Perhaps I should Ditch the Qualifiers

I feel that you should all do this.  Perhaps you might, in certain circumstances, maybe agree with me.  On the other hand, I think that sometimes - which is not to say, every time - there may possibly be a chance that you might do something else.  


Qualifiers.  They're unnecessary frills and furbelows clogging up our writing.* Just get on with it. Say it.  Be confident.  Don't hedge your bets with qualifiers.  We all do it - I know I'm a culprit, but I edit the tentative 'I think' out of the sentence before I show it to anyone.  (And sometimes the I know, but decided to leave that one in.)

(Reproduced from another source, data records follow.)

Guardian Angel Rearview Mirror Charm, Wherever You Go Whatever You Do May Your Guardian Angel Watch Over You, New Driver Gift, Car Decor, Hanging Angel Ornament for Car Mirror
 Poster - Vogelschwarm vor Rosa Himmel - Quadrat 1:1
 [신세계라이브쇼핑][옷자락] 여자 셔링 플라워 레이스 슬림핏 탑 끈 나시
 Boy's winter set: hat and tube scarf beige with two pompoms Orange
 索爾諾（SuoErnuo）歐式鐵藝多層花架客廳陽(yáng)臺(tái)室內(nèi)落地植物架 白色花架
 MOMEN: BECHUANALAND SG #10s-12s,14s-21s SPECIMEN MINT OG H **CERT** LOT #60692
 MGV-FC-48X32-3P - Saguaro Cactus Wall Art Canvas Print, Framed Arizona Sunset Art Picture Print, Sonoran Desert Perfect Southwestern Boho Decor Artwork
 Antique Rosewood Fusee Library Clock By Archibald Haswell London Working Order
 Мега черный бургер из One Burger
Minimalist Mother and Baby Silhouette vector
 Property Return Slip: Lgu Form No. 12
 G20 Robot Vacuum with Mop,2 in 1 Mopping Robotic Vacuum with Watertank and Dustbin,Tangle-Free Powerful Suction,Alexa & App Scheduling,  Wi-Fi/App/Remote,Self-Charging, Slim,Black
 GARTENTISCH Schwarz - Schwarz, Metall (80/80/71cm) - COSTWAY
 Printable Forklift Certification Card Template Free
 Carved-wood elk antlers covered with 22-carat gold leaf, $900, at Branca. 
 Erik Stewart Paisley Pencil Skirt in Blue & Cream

This post was inspired by coming across the following in a student covering letter: I feel I have been a high achiever.  I feel???  Doesn't that imply that, while the writer feels they've been a high achiever, the actual high achievements they should have received have eluded them.  I have been a high achiever, implies straight As - which was the situation in this particular case.  

"It was a very large horse."  Was it really?  Wasn't it just a large horse? Or perhaps a Shire horse,  or bigger than a house, or ginormous, or vast or seventeen hands at the shoulder or anything apart from very large.  

I think qualifiers weaken your prose. Actually, it's not just me who thinks that, and I feel I can prove it by writing: Qualifiers weaken your prose.  I can prove it. 

Of course, sometimes you want to soften what you say so you don't appear a deranged dictator, which is when qualifiers come in handy. I think. But for the most part, don't be tentative, use strong nouns and verbs so the qualifiers are redundant.  Have courage and make statements. 

*I originally wrote 'They're like unnecessary frills...'


Liz Fielding said...

Your first sentence sounded like something Sir Humphrey would have said in "Yes, Minister" and we all know his skill was in clouding the issue with words. :)

Anonymous said...

for the most part i'm wholeheartedly in agreement with these sentiments - though whilst i do think that, by and large, there's a strong case to be made for greater succinctness and clarity, there's also something about the sleep-inducing qualities of a long, ponderous sentence that's genuinely, and gently, appealing (in particular, i find, late at night... :-)

womagwriter said...

LOL! Qualifiers can make your writing almost unusual and quite unique, rather than being a bit similar to everything else out there... :-D

Sarah Duncan said...

Love the Sir Humphrey reference, it's exactly what civil servants traditionally do. Hence the campaign for Plain English.

I remember reading a review of a book that basically said it was ideal bedtime reading, more effective than sleeping tablets.

I read an essay today that started many sentences with something along the lines of 'On the other hand, it can also be argued that..." Rather unique, I thought.